### Task item
When you write out the listing, keep each word exactly as it stands but include none of its images.

### Data extract

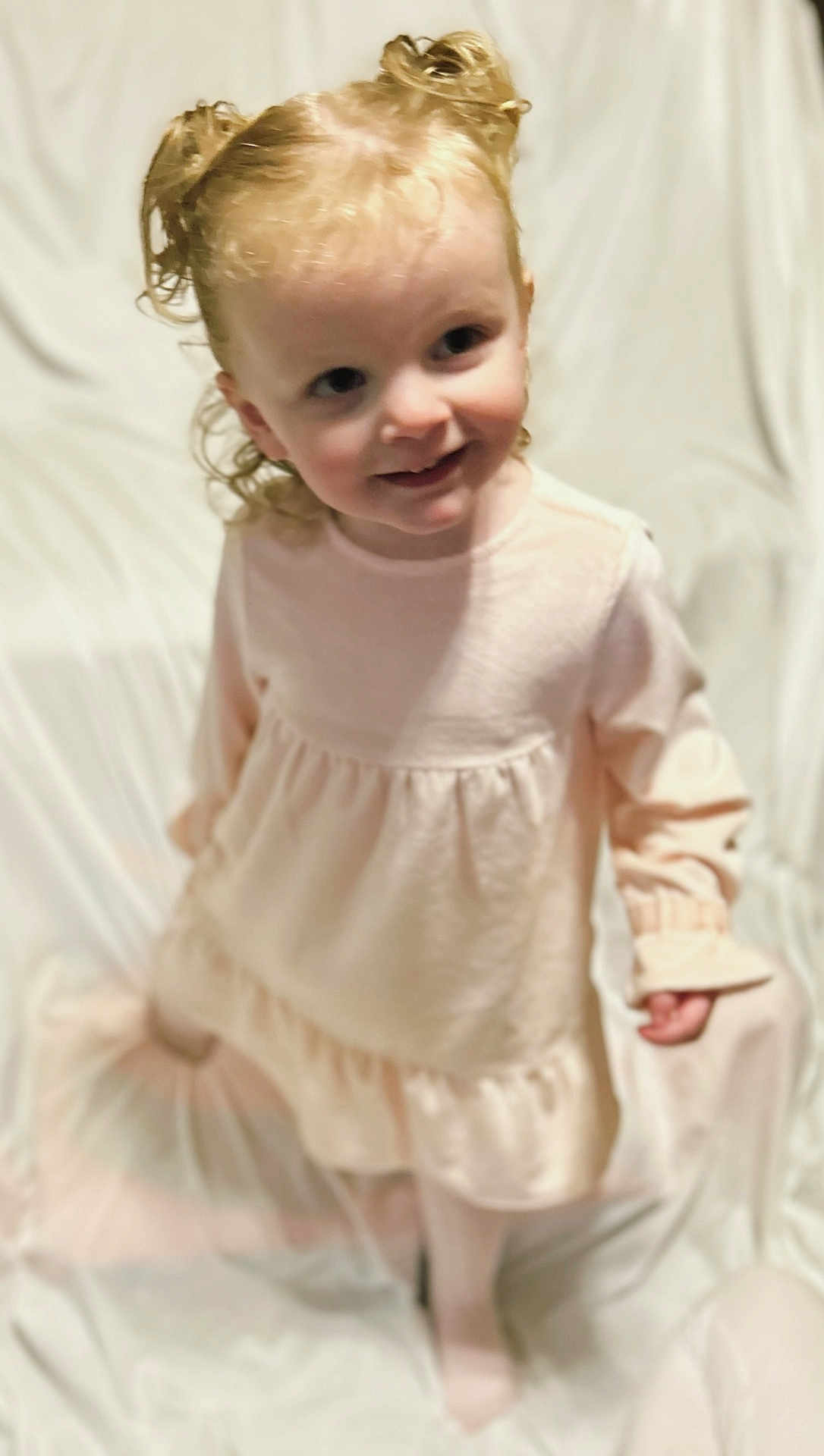 Alyvia joined the competition — help win amazing prizes! toddler, child, girl, curly_hair, pigtails, pink_dress, tights, smile, standing, white_background, portrait, cute, young_child, indoor, soft_lighting, fashion, innocence, person, happy, childhood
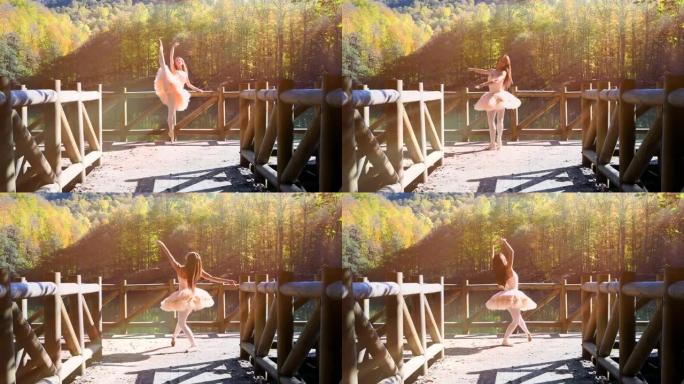 美丽的芭蕾舞演员在秋天的湖边的木制码头上跳舞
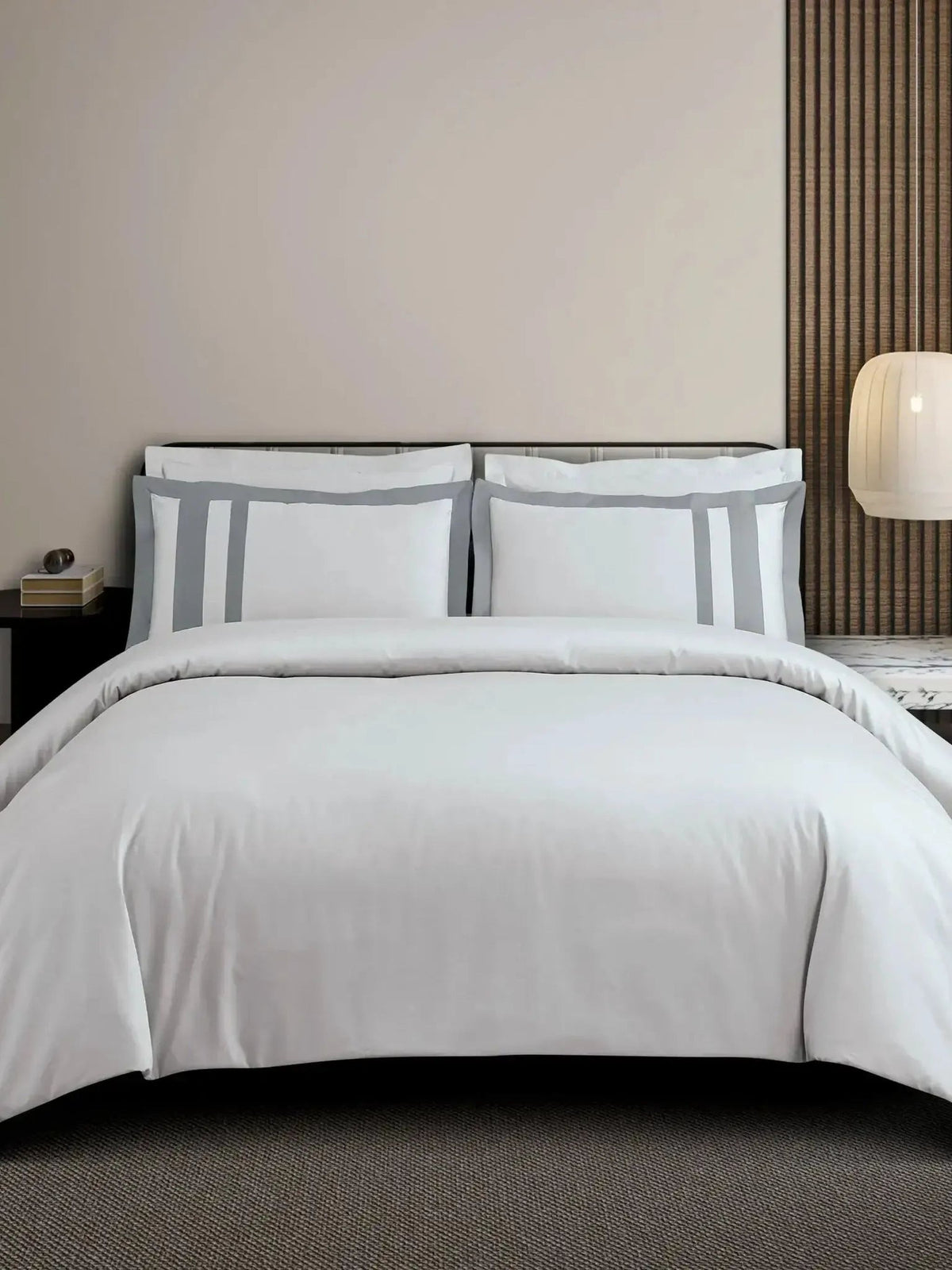 White cotton bedsheet set with a silver-grey block-stripe border on the pillow covers, styled on a bed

### Result
 Alyvia joined the competition — help win amazing prizes! toddler, child, girl, curly_hair, pigtails, pink_dress, tights, smile, standing, white_background, portrait, cute, young_child, indoor, soft_lighting, fashion, innocence, person, happy, childhood
 美丽的芭蕾舞演员在秋天的湖边的木制码头上跳舞
 White cotton bedsheet set with a silver-grey block-stripe border on the pillow covers, styled on a bed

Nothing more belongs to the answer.